«Wie fit sind Schweizer Unternehmen in Sachen IKT-Sicherheit – und was kommt auf sie zu?»
Informations- und Kommunikationstechnologien (IKT) sind längst das Rückgrat moderner Unternehmen – insbesondere in kritischen Infrastrukturen. Doch wie gut sind Schweizer Betriebe in Sachen Cybersicherheit aufgestellt? Welche Branchen stehen besonders unter Druck? Und wie gelingt der Weg zum IKT-Minimalstandard in der Praxis?
Wir haben mit Michael Gempp, IKT-Sicherheitsexperte bei CTE, gesprochen. Er begleitet Unternehmen beim Aufbau robuster OT- und IT-Infrastrukturen und kennt die Herausforderungen aus erster Hand.
Was genau umfasst der IKT-Minimalstandard – und warum ist er für Unternehmen so wichtig?
Der IKT-Minimalstandard definiert die grundlegenden Anforderungen an die Informations- und Kommunikationstechnologie – also IT und OT – für Organisationen mit erhöhtem Schutzbedarf. Das Ziel ist ein einheitliches Mindestniveau an Cybersicherheit. Gerade für Betreiber kritischer Infrastrukturen ist das essenziell, denn ein Vorfall kann weitreichende Folgen haben. Aber auch andere Branchen profitieren: Der Standard ist ein pragmatischer Leitfaden, um die eigene Sicherheitslage systematisch zu verbessern.
Wie gehst du vor, wenn du die IKT-Sicherheitslage eines Unternehmens überprüfst?
Wir starten mit einer strukturierten Bestandsaufnahme – sowohl technisch als auch organisatorisch. Dabei schauen wir uns bestehende Systeme, Prozesse, Schnittstellen und Verantwortlichkeiten an. Mit einer Strukturanalyse bewerten wir den Ist-Zustand im Vergleich zu den Anforderungen des IKT-Minimalstandards. Daraus leiten wir konkrete Massnahmen ab – priorisiert, praxisnah und auf das Unternehmen zugeschnitten.
Man muss nicht alles sofort umsetzen – aber man muss wissen, wo man steht.
Welche Branchen sind besonders betroffen oder stehen besonders unter Druck?

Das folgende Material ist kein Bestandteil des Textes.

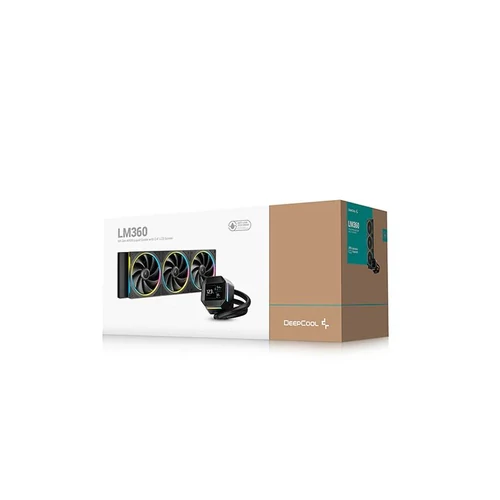DeepCool CPU Water Cooler - LM360 (max 36,07dB; max. 122,52 m3/h; 3x12cm, LED kijelző, fekete)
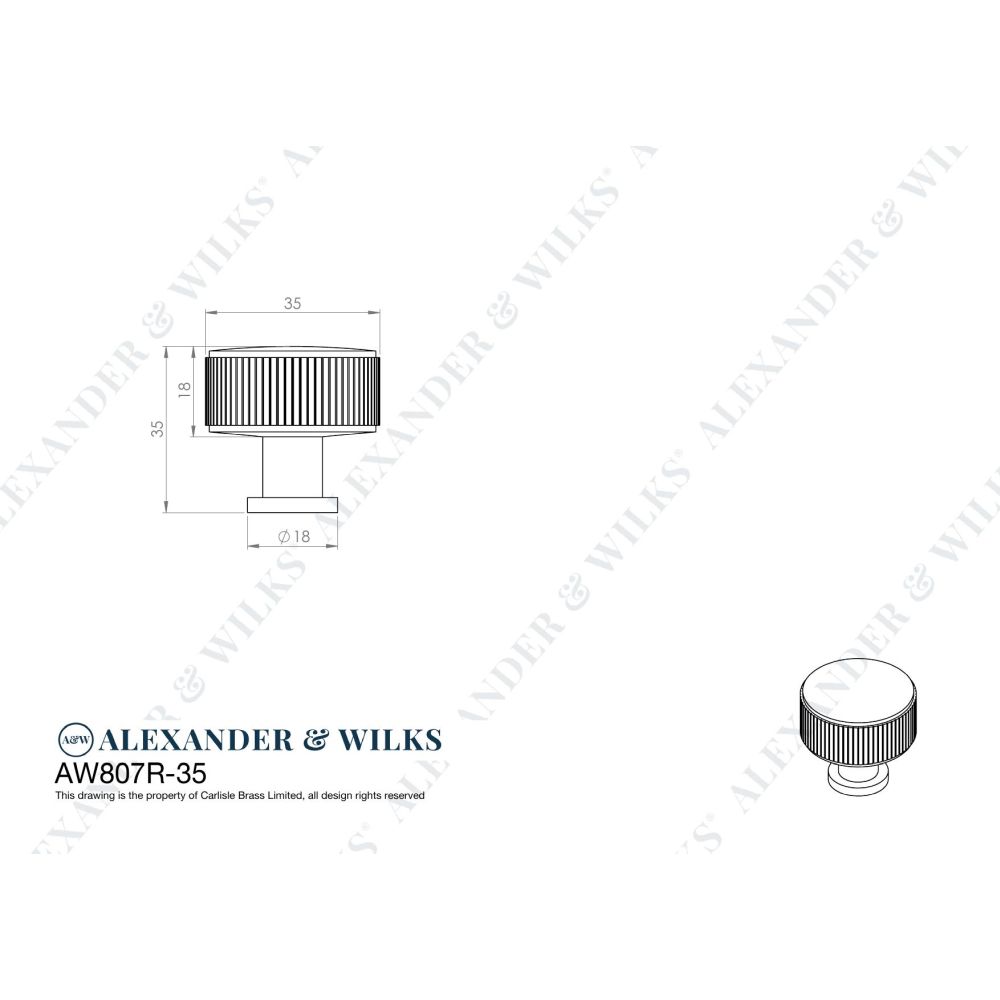 Line technical drawing image of Alexander & Wilks Lucia Reeded Cupboard Knob - Black - 35mm | Sku. aw807r-35-bl | Trade Door Handles.
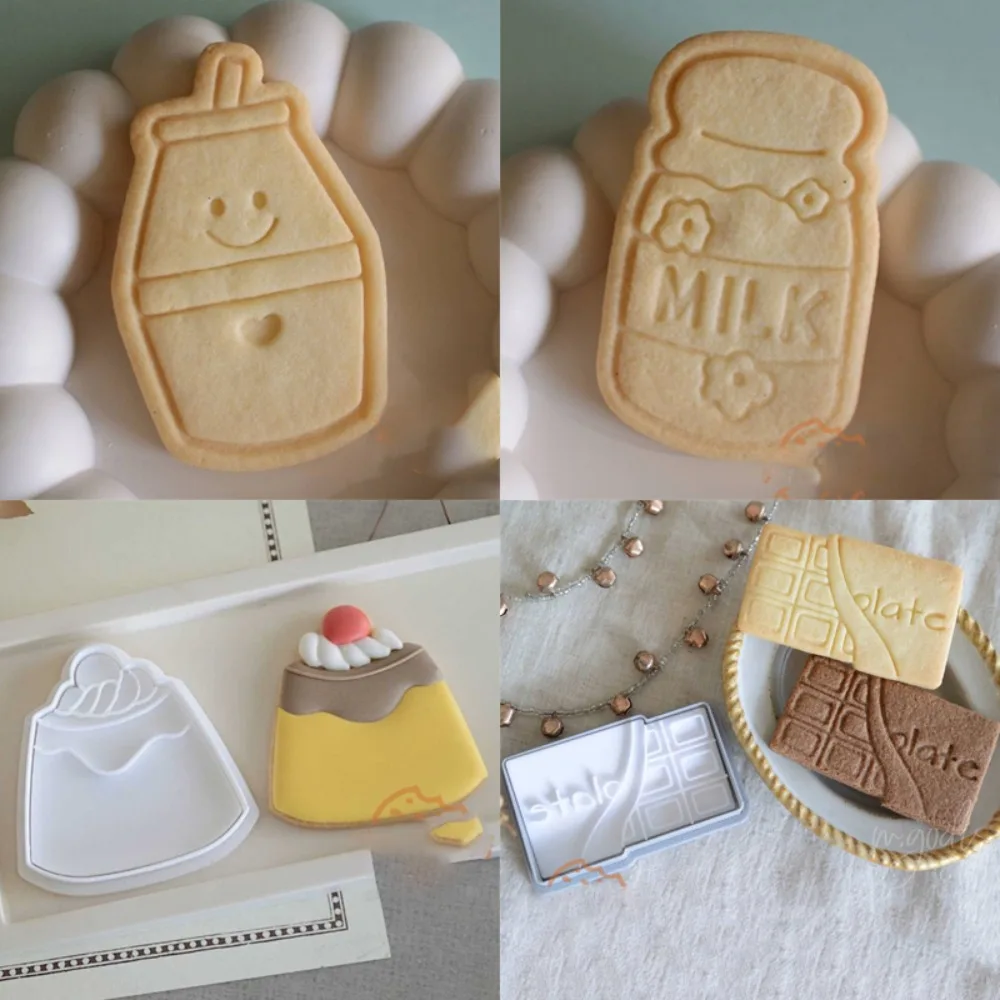 Molde para galletas con forma de botella de leche, Chocolate, Fondant, postre, pudín, galleta, molde para galletas, molde para cortador de galletas en relieve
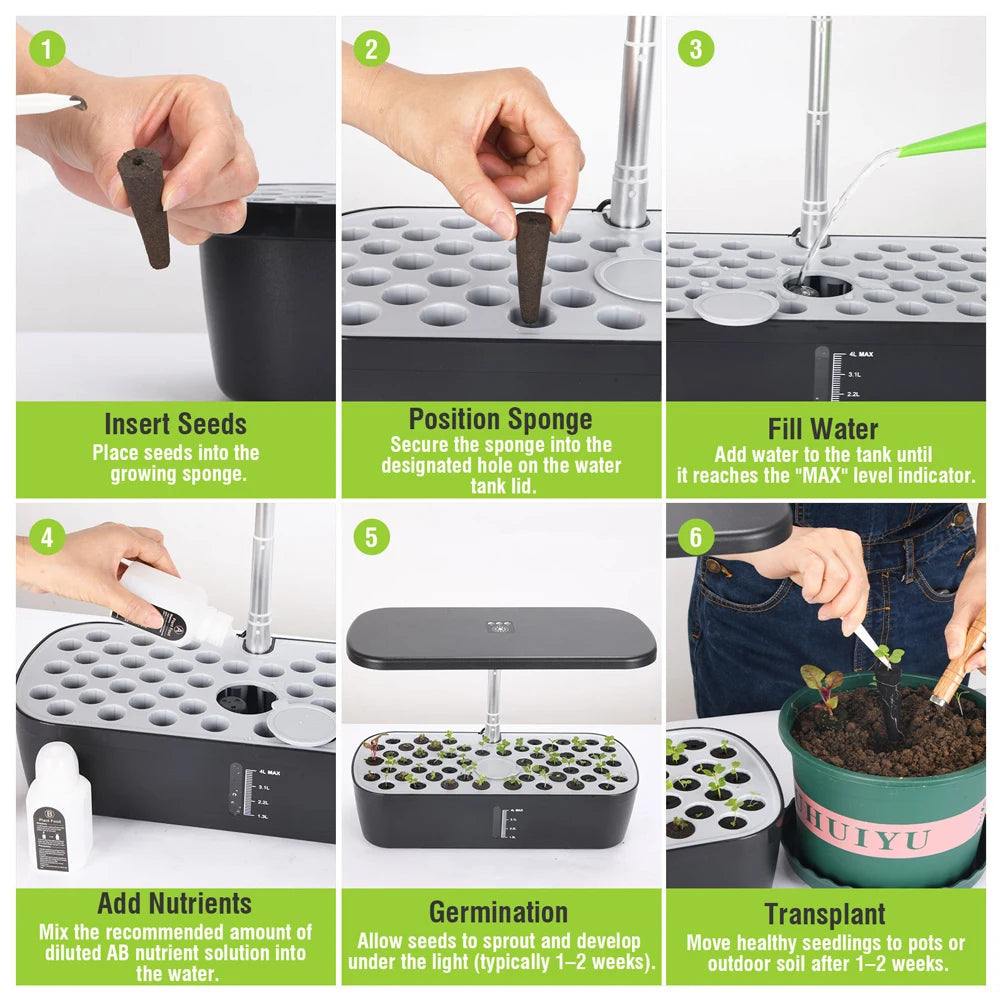 6 Holes Hydroponics Growing System Indoor Soilless Vegetable Fruit Herb Planter with LED Grow Light Smarts Water Pump Automatic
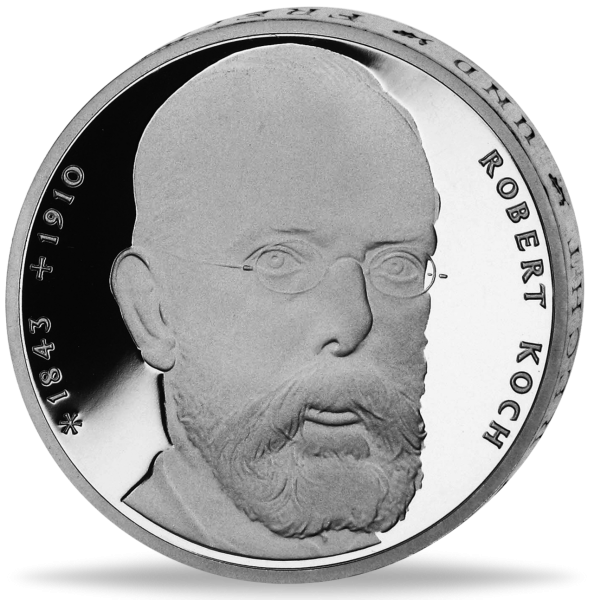 10 Deutsche Mark Robert Koch - Vorderseite BRD Silbermünze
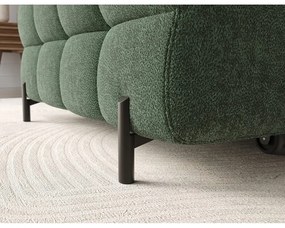 Divano angolare verde allungabile/con contenitore (con penisola a sinistra/con chaise lounge) con rivestimento in bouclé Felro – ELTAP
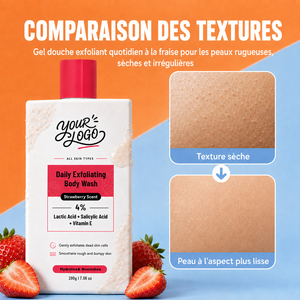 ODM OEM Nouvelle Génération Gel Douche Rafraîchissant, Affine la Texture Rugueuse, Adoucit la Peau Sèche et Terne, Parfum Fraise, Gel Douche Exfoliant - Product Image 2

Vor allem Unternehmen mit einer hohen Abhängigkeit von automatisierten Prozessen oder vernetzten Steuerungssystemen – also Energieversorger, Verkehrsbetriebe, Wasserwerke, Gesundheitsinstitutionen oder produzierende Industrie. In diesen Bereichen ist nicht nur die Verfügbarkeit kritisch, sondern auch die Integrität und Nachvollziehbarkeit der Systeme. Regulierungen wie CySec-Rail oder branchenspezifische Vorgaben machen den Handlungsdruck zusätzlich spürbar.
Wo bestehen die häufigsten Sicherheitslücken – und warum bleiben sie oft unbemerkt?
Viele Schwachstellen haben ihren Uhrsprung in einer mangelnden Organisation: fehlende Zuständigkeiten, unklare Prozesse, unzureichend dokumentierte Systeme. Dies wirkt sich auf die technischen Gegebenheiten aus und ermöglicht Sicherheitslücken, die dann genutzt werden. In der OT wird Sicherheit zu oft als rein technisches Thema gesehen, dabei fehlt es an übergreifendem Sicherheitsmanagement. Und weil im Alltag nichts «sichtbar» passiert, wird unterschätzt, wie verwundbar man eigentlich ist.